Since Oz programs of this sort are not intended to have a declarative semantics, no damage is done by the fact that they don't. Nonetheless, one does get a declarative result from the second Oz definition of GrandParent. One still gets GrandParent-GrandChild pairs, although perhaps not all of them. Of course the same is true for the Prolog program. The difference is that one doesn't have a rationale within the Prolog framework for why that happens. That is, what one can say about the result of the Prolog program no longer holds, but what one can say about the result of the Oz program still holds.

But even comparing the pure Prolog case with the procedural Oz case, are the two situations really so different? What one is really saying in the pure Prolog case is that what one finds satisfies one's definitions. What one is saying the the Oz case is that what one finds are what the search strategy revealed. But why are definitions any more to be trusted than a search strategy. After all, they are both written by people who may or may not have known what they were doing.

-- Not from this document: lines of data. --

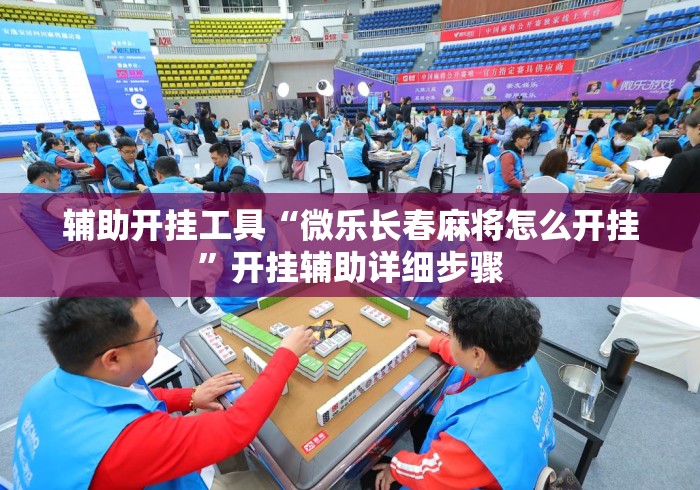 辅助开挂工具“微乐长春麻将怎么开挂	”开挂辅助详细步骤
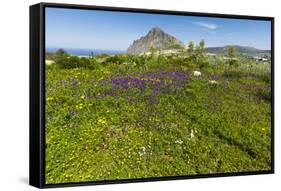 Spring Flowers and 659M Limestone Monte Cefano-Rob Francis-Framed Stretched Canvas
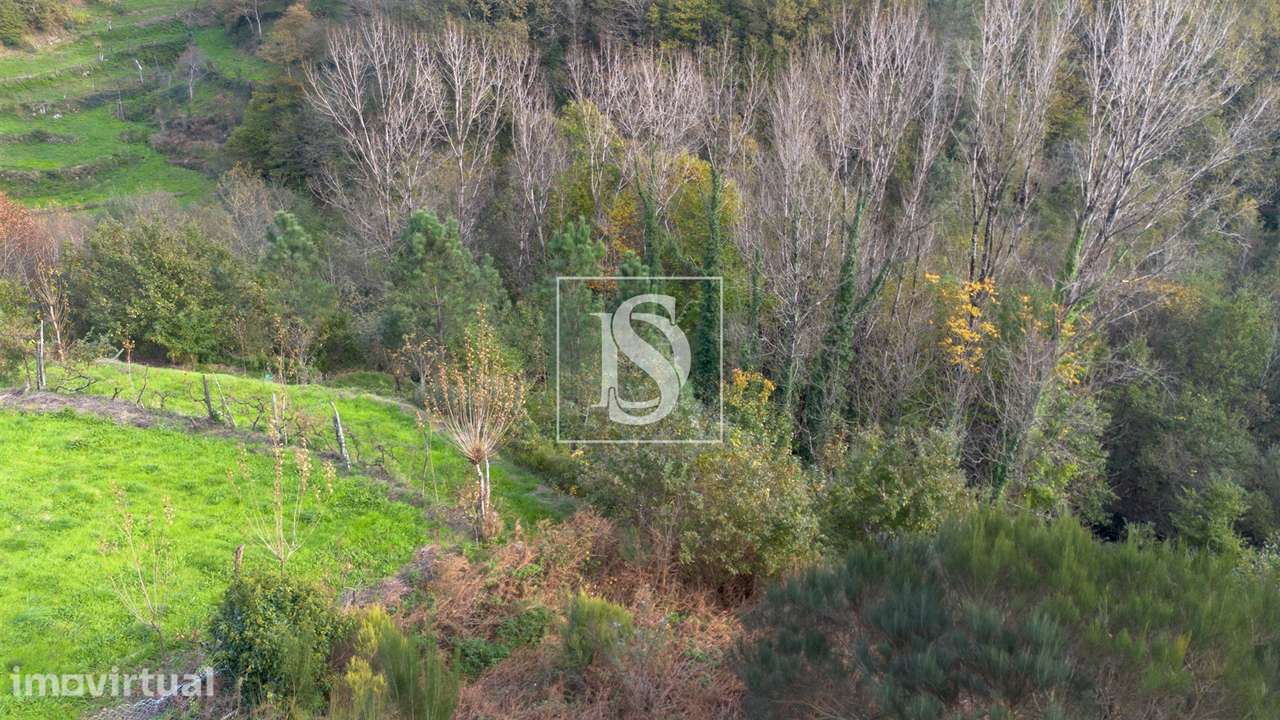 Terreno  Venda em Ansiães,Amarante - Grande imagem: 5/10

[edit] Combining the two approaches to get constraint programming

The essential difference between the two approaches is as follows. Traditional declarative programming starts with the notion of declarations—usually in the form of statements in the predicate calculus—and then shows how to execute those statements procedurally. The approach sketched here starts with procedural code and then shows how execution of that code produces statements about program variables and values. (This works because the procedural code operates on logical, i.e., assign-once, variables.)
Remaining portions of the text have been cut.